随机算法 (Fall 2011)/Bloom Filter
Bloom filters
Suppose that instead of actually finding the item [math]\displaystyle{ x }[/math] in the table, we only want to know whether an item [math]\displaystyle{ x }[/math] presents in a set [math]\displaystyle{ S }[/math], i.e. answers a very basic question:
- "[math]\displaystyle{ \mbox{Is }x\in S? }[/math]"
This is called the membership problem, or membership query.
In many applications, the data set can be enormously large, thus the space limit is stringent; on the other hand, the answers need not to be 100% correct. This raises the approximate membership problem. Bloom filter is a space-efficient hash table that solves the approximate membership problem with one-sided error.

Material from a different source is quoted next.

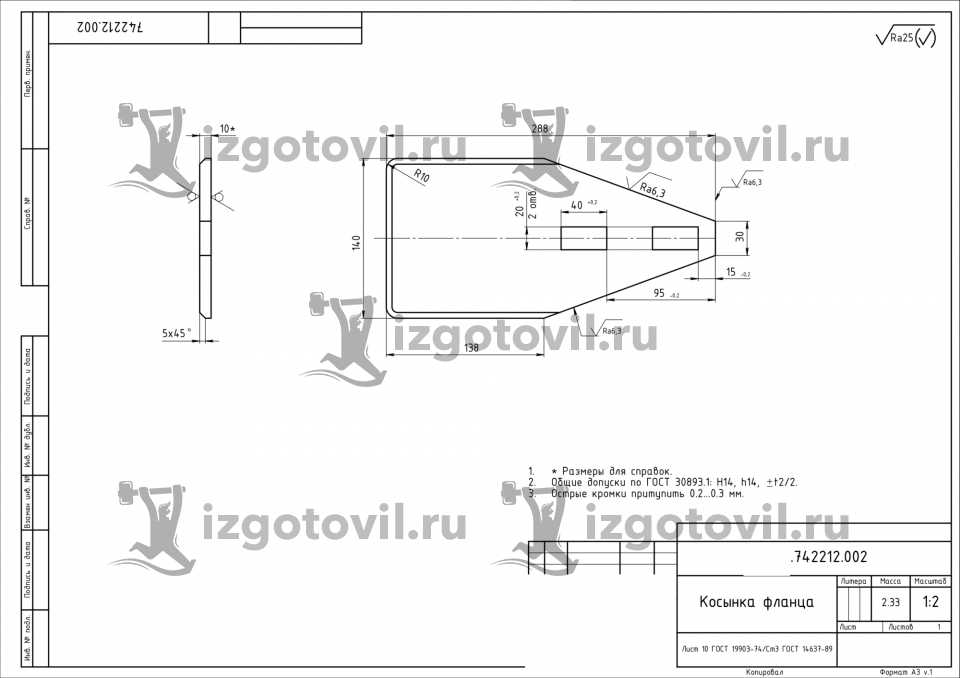 Изготовление деталей на заказ - изготовить кронштейн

Given a set [math]\displaystyle{ S }[/math] of [math]\displaystyle{ n }[/math] items from a universe [math]\displaystyle{ [N] }[/math], a Bloom filter consists of an array [math]\displaystyle{ A }[/math] of [math]\displaystyle{ cn }[/math] bits, and [math]\displaystyle{ k }[/math] hash functions [math]\displaystyle{ h_1,h_2,\ldots,h_k }[/math] map [math]\displaystyle{ [N] }[/math] to [math]\displaystyle{ [cn] }[/math].
Assumption:
- We apply the Simple Uniform Hash Assumption and assume [math]\displaystyle{ h_1,h_2,\ldots,h_k }[/math] are independent uniform random functions from [math]\displaystyle{ [N] }[/math] to [math]\displaystyle{ [cn] }[/math].
The Bloom filter is constructed as follows:
- Initially, all bits in [math]\displaystyle{ A }[/math] are 0s.
- For each [math]\displaystyle{ x\in S }[/math], let [math]\displaystyle{ A[h_i(x)]=1 }[/math] for all [math]\displaystyle{ 1\le i\le k }[/math].
To check if an item [math]\displaystyle{ x }[/math] is in [math]\displaystyle{ S }[/math], we check whether all array locations [math]\displaystyle{ A[h_i(x)] }[/math] for [math]\displaystyle{ 1\le i\le k }[/math] are set to 1. If not, then obviously [math]\displaystyle{ x }[/math] is not a member of [math]\displaystyle{ S }[/math]. Thus, the Bloom filter has no false negatives.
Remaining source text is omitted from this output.